# Task to complete
Please repeat, exactly and without pictures, the lines of the entries below that run from the one containing "Used 2024 Jeep" through the one containing "Sludinājumi. Pašā Jūrmalas".

# Provided data

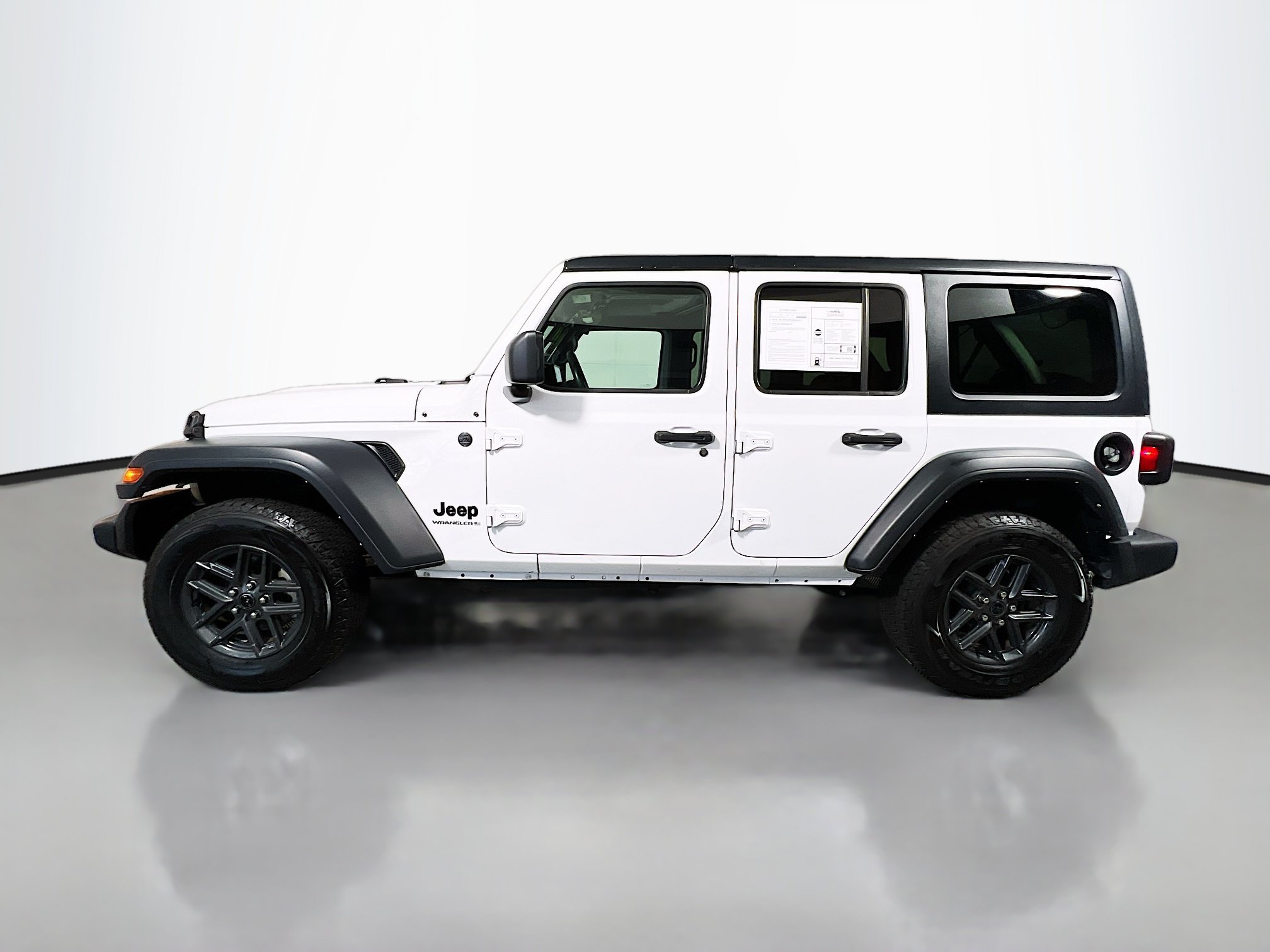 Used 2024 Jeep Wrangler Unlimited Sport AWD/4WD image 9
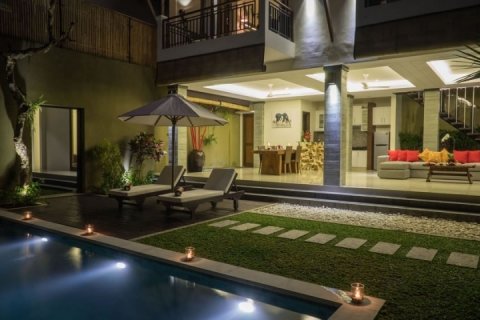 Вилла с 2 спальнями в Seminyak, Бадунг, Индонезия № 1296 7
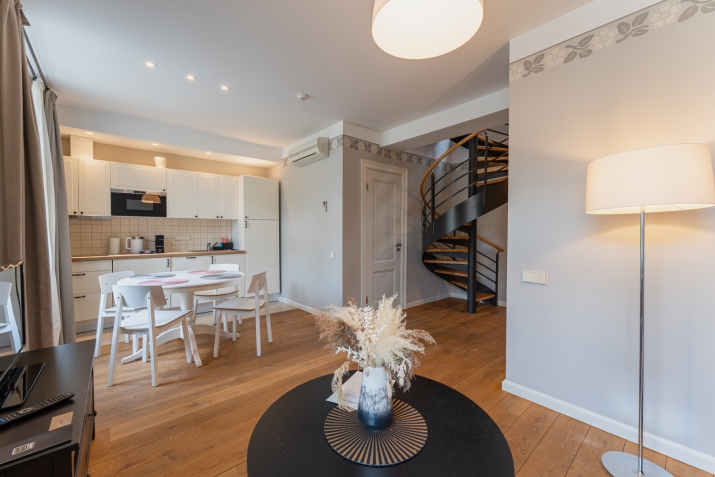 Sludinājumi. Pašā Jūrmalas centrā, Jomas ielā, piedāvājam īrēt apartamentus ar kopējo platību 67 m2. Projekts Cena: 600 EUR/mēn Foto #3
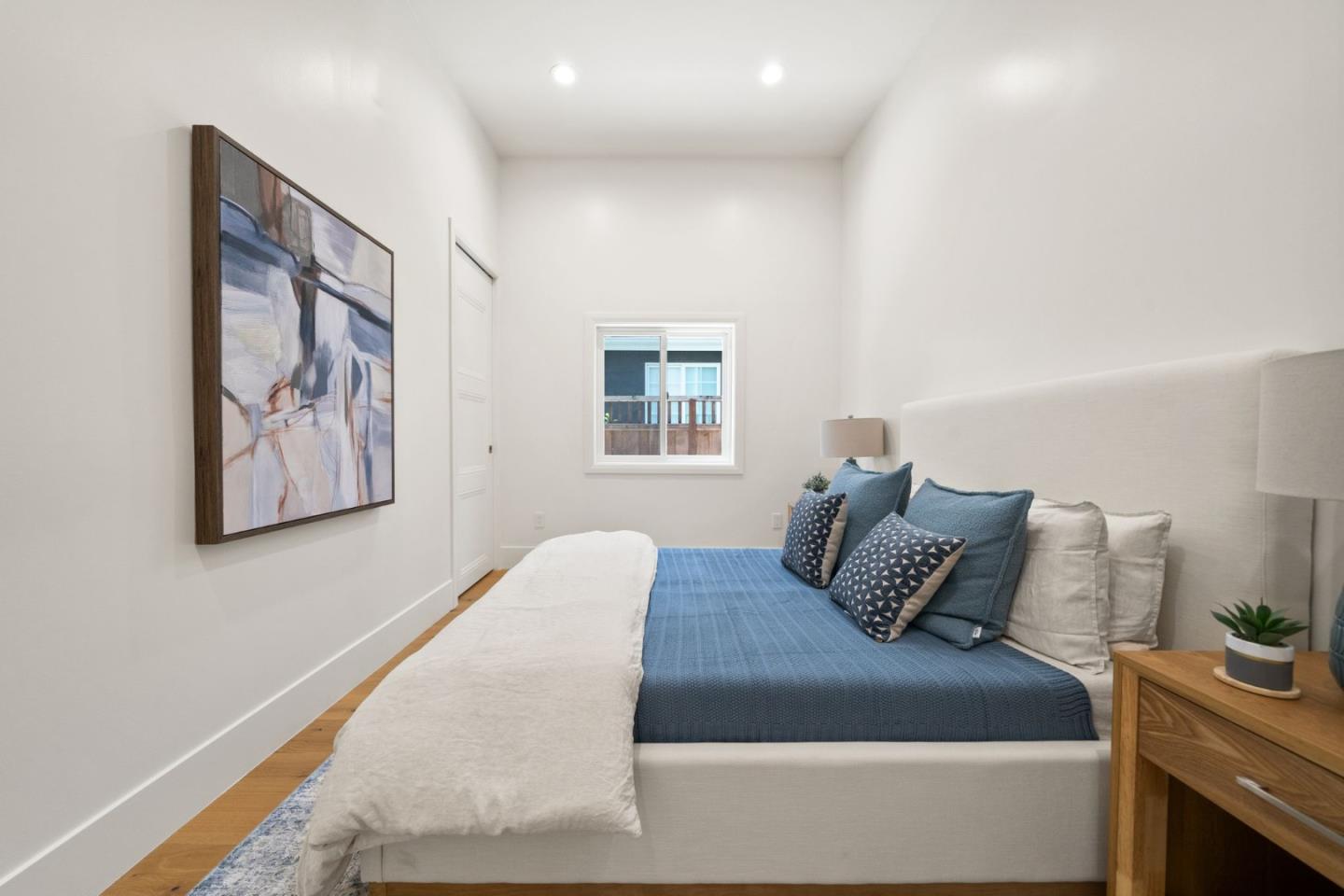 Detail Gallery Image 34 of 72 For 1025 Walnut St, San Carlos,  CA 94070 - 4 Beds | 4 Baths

==

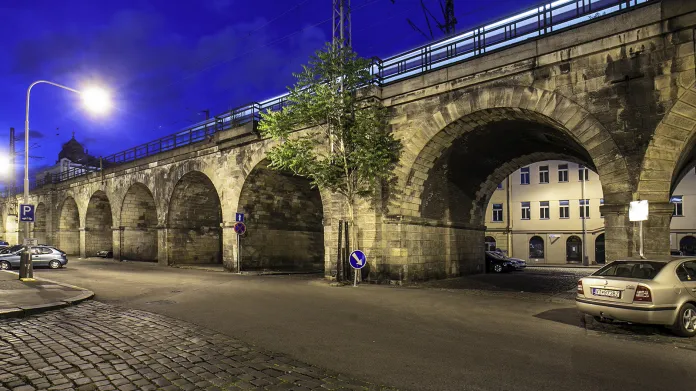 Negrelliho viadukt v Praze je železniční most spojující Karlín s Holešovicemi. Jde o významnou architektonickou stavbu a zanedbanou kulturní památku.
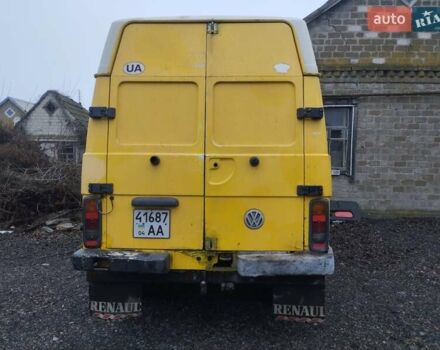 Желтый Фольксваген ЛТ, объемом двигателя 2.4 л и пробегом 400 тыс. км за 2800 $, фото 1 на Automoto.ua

# Solution to the exercise
 Used 2024 Jeep Wrangler Unlimited Sport AWD/4WD image 9
 Вилла с 2 спальнями в Seminyak, Бадунг, Индонезия № 1296 7
 Sludinājumi. Pašā Jūrmalas centrā, Jomas ielā, piedāvājam īrēt apartamentus ar kopējo platību 67 m2. Projekts Cena: 600 EUR/mēn Foto #3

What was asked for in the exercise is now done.